Raw data:
####
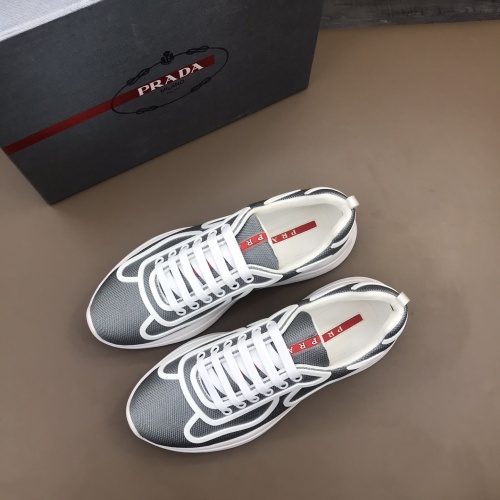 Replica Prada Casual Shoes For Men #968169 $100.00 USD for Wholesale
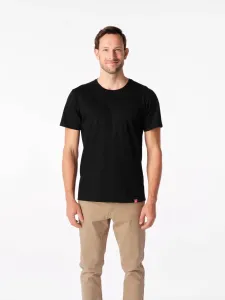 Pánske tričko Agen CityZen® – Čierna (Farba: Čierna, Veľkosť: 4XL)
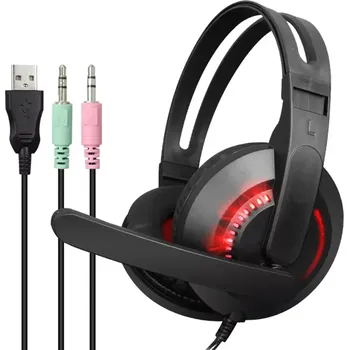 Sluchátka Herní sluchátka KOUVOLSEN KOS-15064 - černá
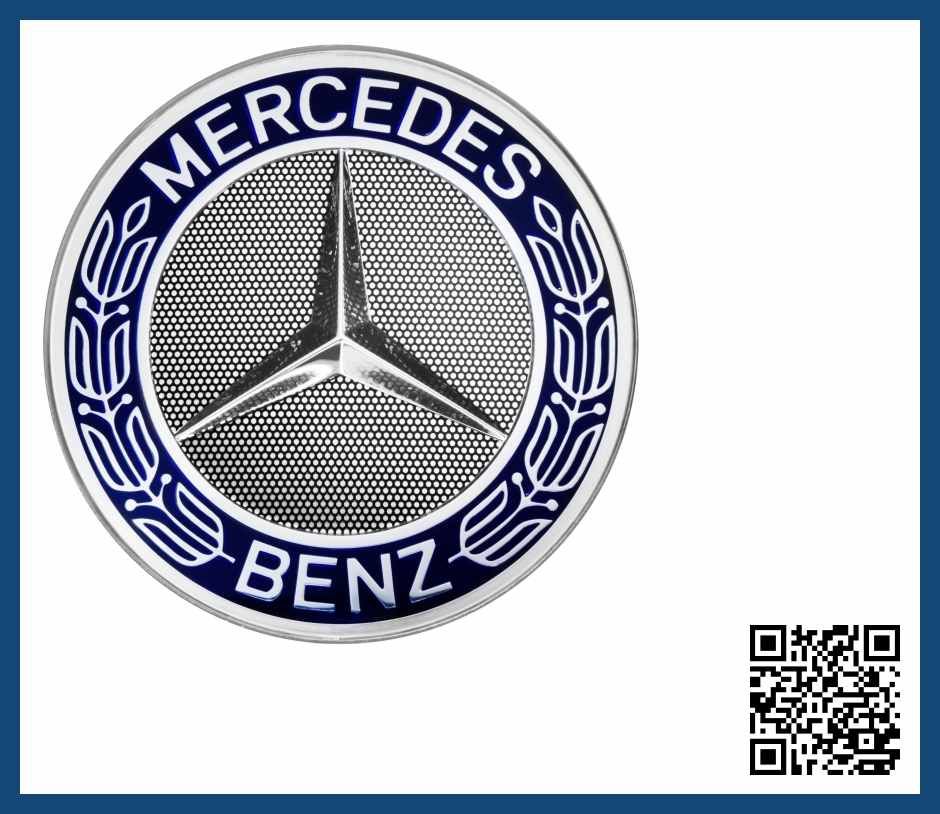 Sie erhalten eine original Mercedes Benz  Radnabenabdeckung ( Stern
####
Aim of the exercise:
Reproduce the lines from the one with "Sluchátka Herní sluchátka" through the end of the data, keeping both end lines, adding nothing, and dropping any pictures.

Solution to the problem:
 Sluchátka Herní sluchátka KOUVOLSEN KOS-15064 - černá
 Sie erhalten eine original Mercedes Benz  Radnabenabdeckung ( Stern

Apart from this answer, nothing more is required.